With these considerations in mind, we decided to use topic modeling in an indirect fashion: performing further feature engineering by computing cosine similarity features, as illustrated in Figure 4b. Using solution selection as an example, we collect the historical tickets of each solution and form the bag-of-word representation of such a solution.

In this scenario, a topic modeling transformation is carried out on the bag-of-word representation, which gives us a vector Ti  for solution i. We conduct this transformation across all of our solutions. We can map any new incoming ticket, j, to the topic vector space of the solution, T1, T2… Tm, where m is the total number of possible solutions to use. This results in a vector tj for ticket j. Cosine similarity score sij can be computed between Ti and tj to represent the similarity between solution i and ticket j, which reduces the feature space from hundreds or thousands of dimensions to a handful.

Pointwise ranking algorithm

Again, we illustrate how our ML algorithm works using solution selection as an example. To design this algorithm, we combined cosine similarity features together with other ticket and trip features that matches tickets to solutions. With over 1,000 possible solutions for hundreds of ticket types, COTA’s large solution space offers a challenge for our algorithm of distinguishing the fine differences between these solutions.

To identify the best possible recommendations for support agents, we apply a learning-to-rank approach and build a retrieval-based pointwise ranking algorithm. Specifically, we label the correct match between solution and ticket pair as positive (1), and we sample a random subset of solutions that do not match with the ticket and label the pairs negative (0). Using the cosine similarity as well as ticket and trip features, we can build a binary classification algorithm that leverages the random forest technique to classify whether or not each solution-ticket combination matches. Once the algorithm scores each possible match, we can rank the scores and suggest the three top-ranked solutions.

Figure 5, below, compares the performance of a classical multi-class classification algorithm using topic vector features directly against the pointwise ranking algorithm using engineered cosine-similarity features:  

Figure 5: Pointwise ranking is 25 percent more accurate than the multi-class classification on the solution selection task.

The cosine-similarity-based pointwise ranking algorithm outperforms the multi-class classification algorithm with direct topic vectors, with a 25 percent relative improvement  in accuracy. This comparison, conducted on the same dataset using the same type of algorithm (random forest) with the same hyperparameters, highlights the benefit of using engineered cosine-similarity features in a ranking framework. As evidenced in Figure 5, using the pointwise ranking algorithm not only speeds up the training process by 70 percent, but also significantly improves model performance.

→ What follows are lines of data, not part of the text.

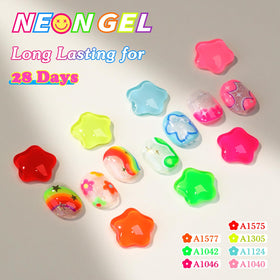 Double Rhythm finished neon nails in a lifestyle party scene showing eye-catching color impact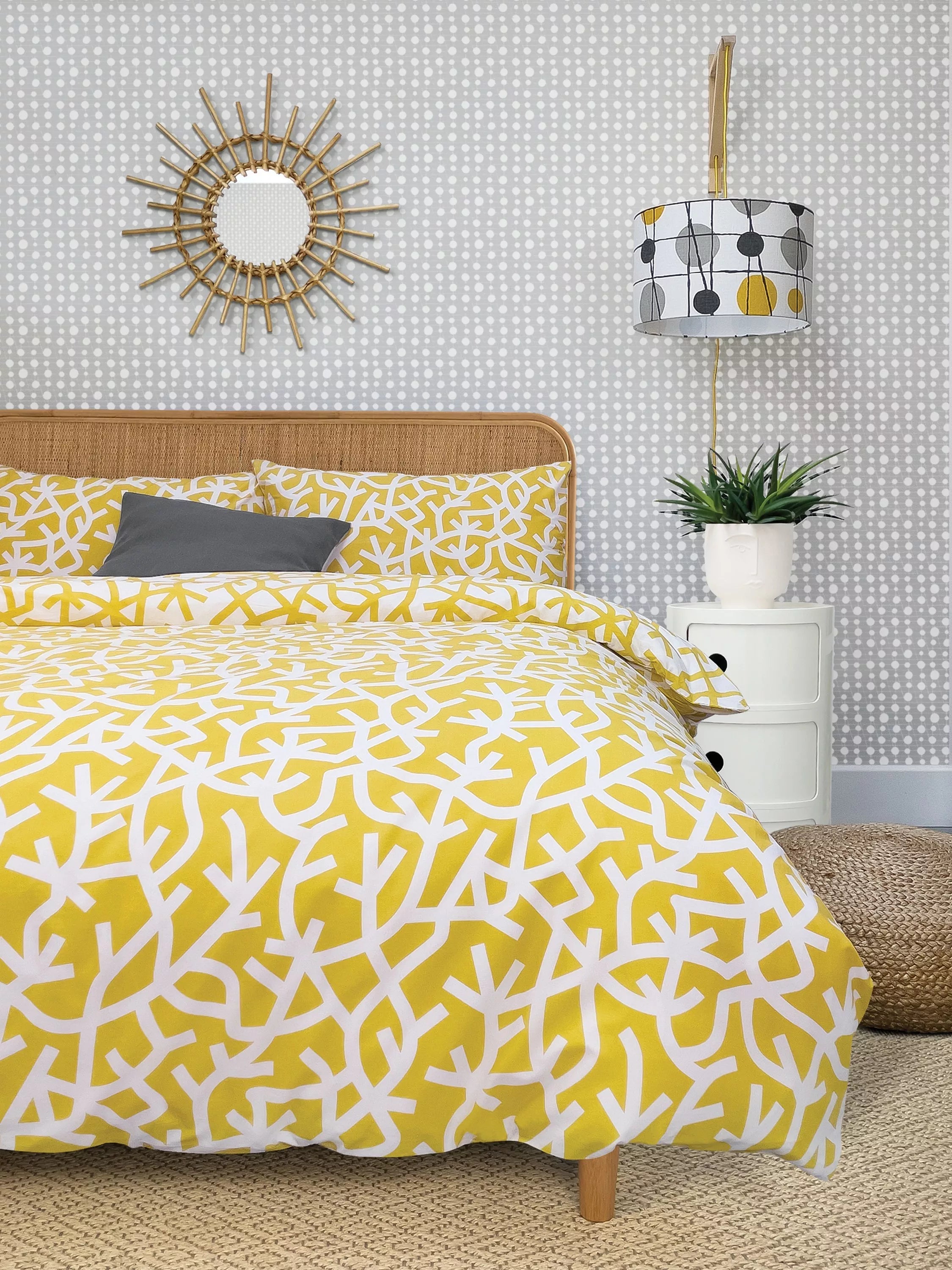 Mini Moderns A Forest duvet cover set in mustard, imported from the UK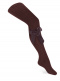 Collants canelado com laço de cetim comprido brown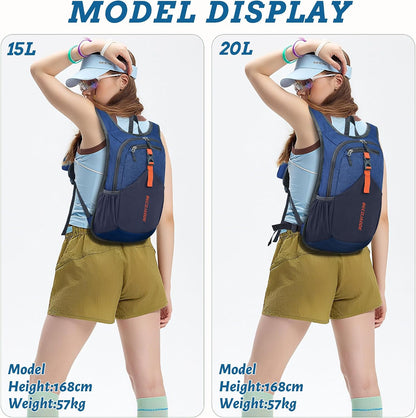 15L Small Hiking Backpack for Men Women Foldable Packable Back Pack Ultralight Hiking Daypack for Travel Camping Outdoor, Beige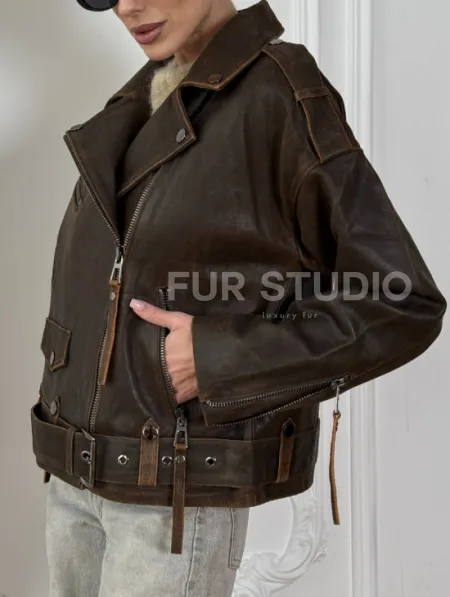 Vintage Brown кожаная куртка - косуха оверсайз с затертыми швами - фото 1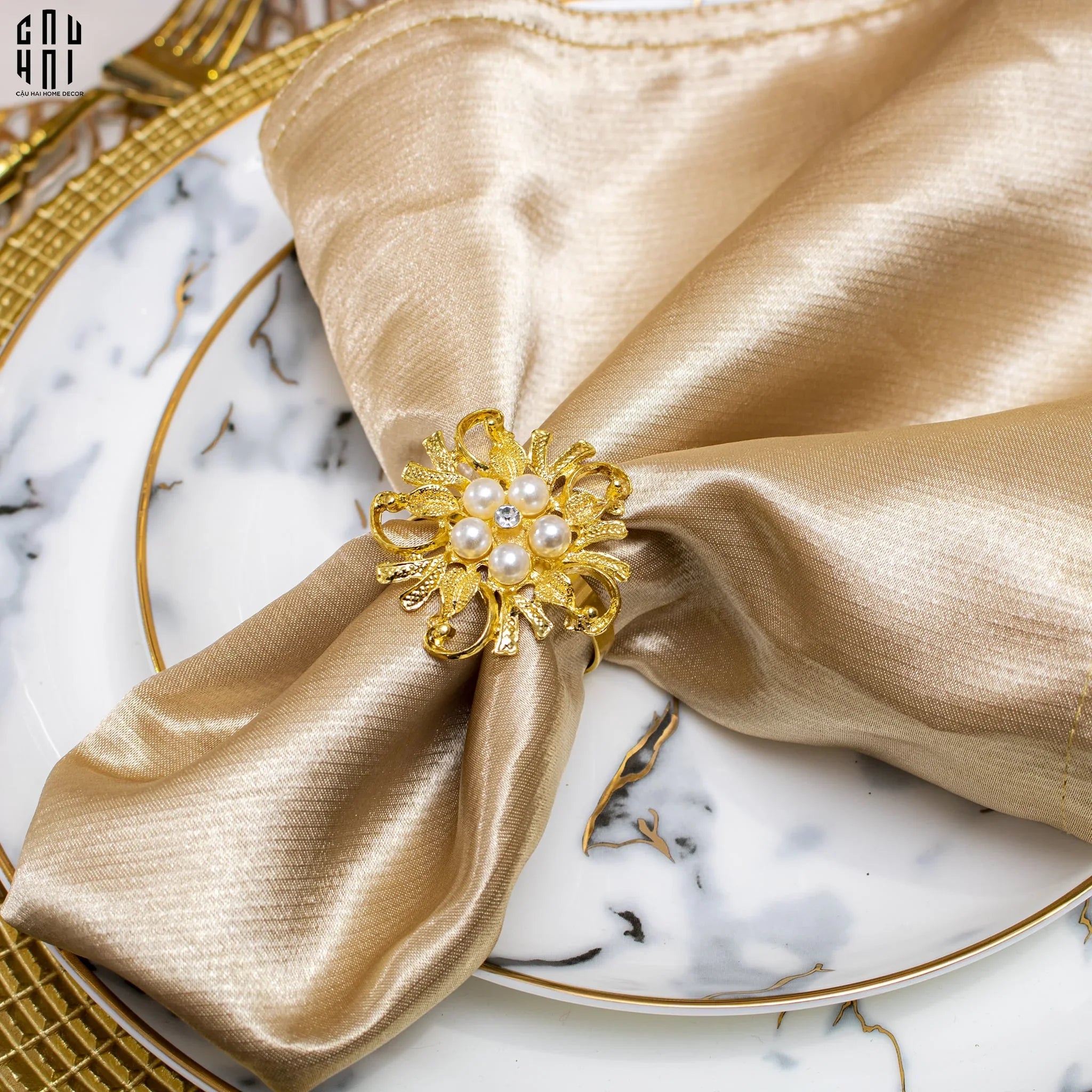 Vòng Khăn Ăn - Napkin Ring Golden Pearl-VÒNG KHĂN ĂN-CẬU HAI HOME DECOR
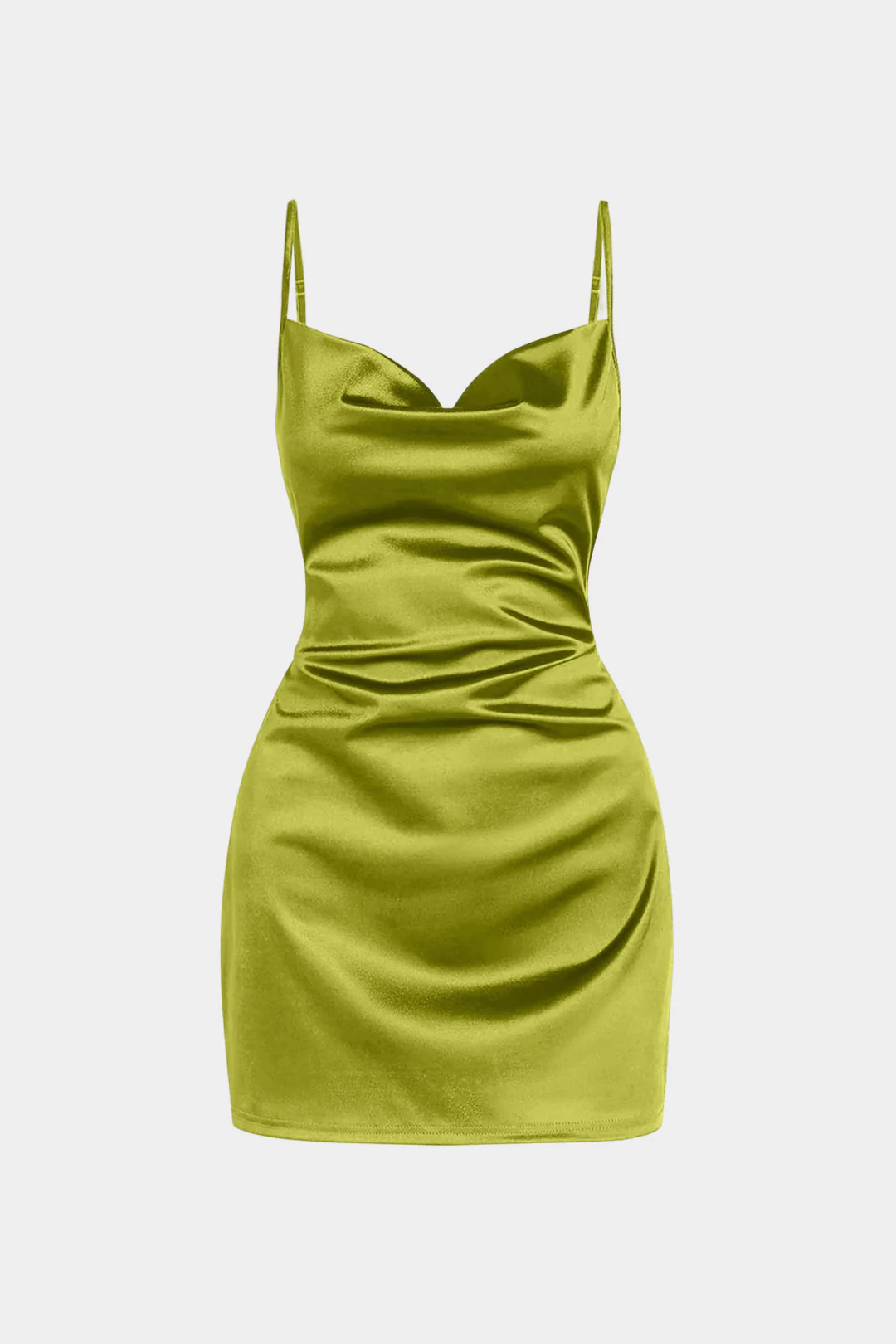 Plus Size Satin Draped Cowl Neck Ruched Sleeveless Slip Mini Dress - Weenar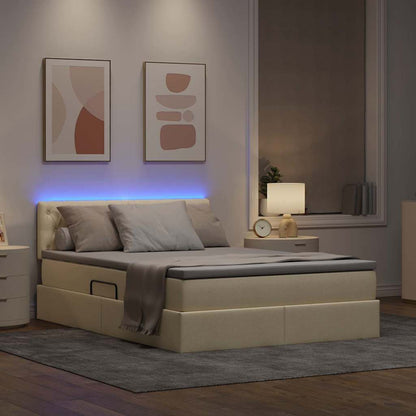 Letto con contenitore e LED con led Crema 140 x 190 cm Tessuto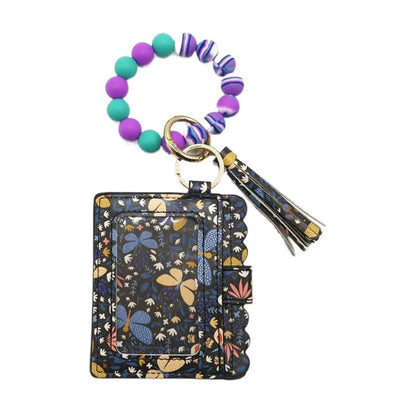 Silicone Beads Bracelet Key Chain Leopard Print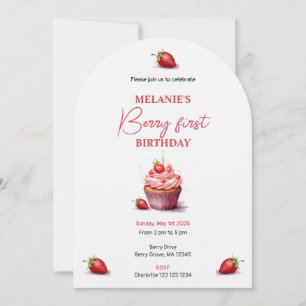 Pink Berry First Birthday Watercolor Cupcake Invitation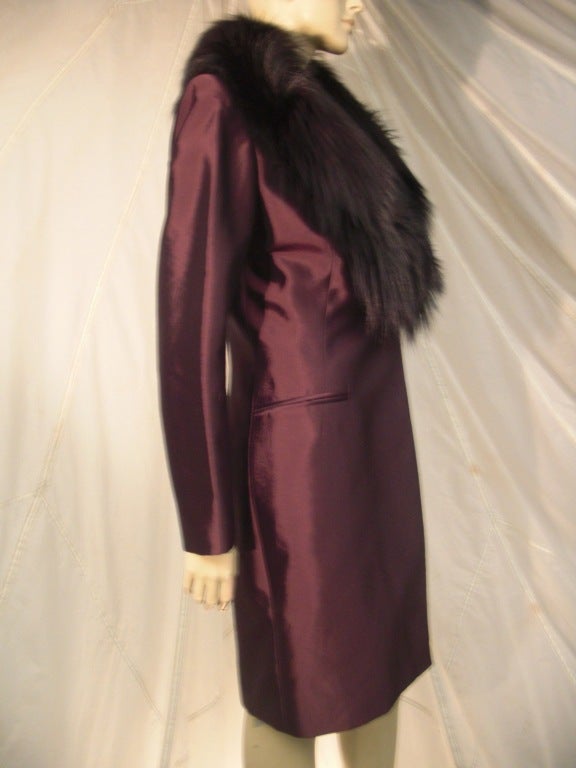 A fabulous Pamela Dennis 2-piece strapless dress and fur-collared jacket ensemble!  Aubergine iridescent sharkskin fabric and black fox fur.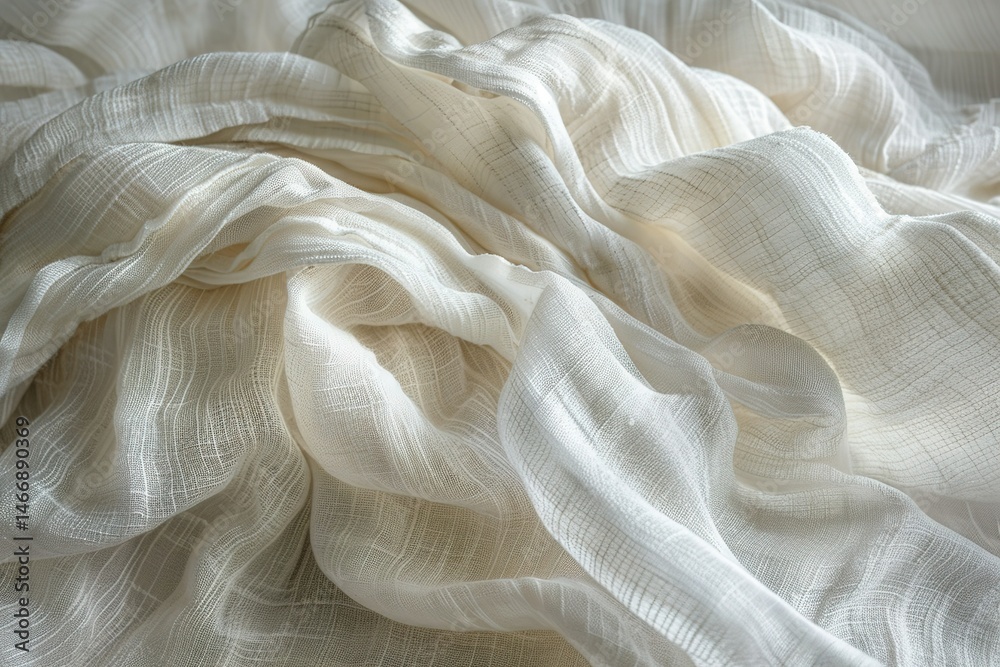 Poster delicate white fabric texture with soft folds and subtle weave pattern abstract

Easier and faster ticket solving = better customer support

COTA’s promising results were only meaningful if they translated to a real world setting. To measure COTA’s impact on our customer support experience, we conducted several controlled A/B test experiments online on English language tickets. In those experiments, we included thousands of agents and randomly assigned them into either control or treatment groups. Agents in the control group were exposed to the original workflow, while agents in the treatment group were shown a modified user interface containing suggestions on issue types and solutions. We collected tickets solved solely by either agents in the control or treatment group, and measured a few key metrics, including model accuracy, average handle time, and customer satisfaction score.

The test proceeded as follows:

  • We first measured the online model performance for both groups and compared them with offline performance. We found that the model performance is consistent from offline to online.
  • Then, we measured customer satisfaction scores and compared them across control and treatment groups. In general, we found that customer satisfaction often increased by a few percentage points. This finding indicates that COTA delivers the same or slightly higher quality of customer service.
  • Finally, to determine how much COTA affected ticket resolution speed, we compared the average ticket handling time between the control and treatment groups. We determined that, on average, this new feature reduced ticket handling time by about 10 percent.

By improving agent performance and speeding up ticket resolution times, COTA helps our Customer Obsession team better serve our users, leading to increased customer satisfaction. Moreover, COTA’s ability to expedite ticket resolution saves Uber tens of millions of dollars every year.


Deep learning for the next generation of COTA

The success of COTA convinced us to continue experimenting with our machine learning stack to improve system accuracy and provide an even better experience for both agents and end users.

Recent advancements in text classification, summarization, machine translation, and many auxiliary NLP tasks (syntactic and semantic parsing, recognizing textual entailment, named entity recognition, and linking) have been obtained using deep learning architectures, so it seemed like a natural fit to start experimenting with them for our own models.

Deep learning experiments with various architectures

With the support of researchers from Uber AI Labs, we experimented with applying deep learning to the next generation of models for issue type identification and solution suggestion. We implemented several architectures based on convolutional neural networks (CNNs), recurrent neural networks (RNNs), and several different combinations of the two, including hierarchical and attention-based architectures.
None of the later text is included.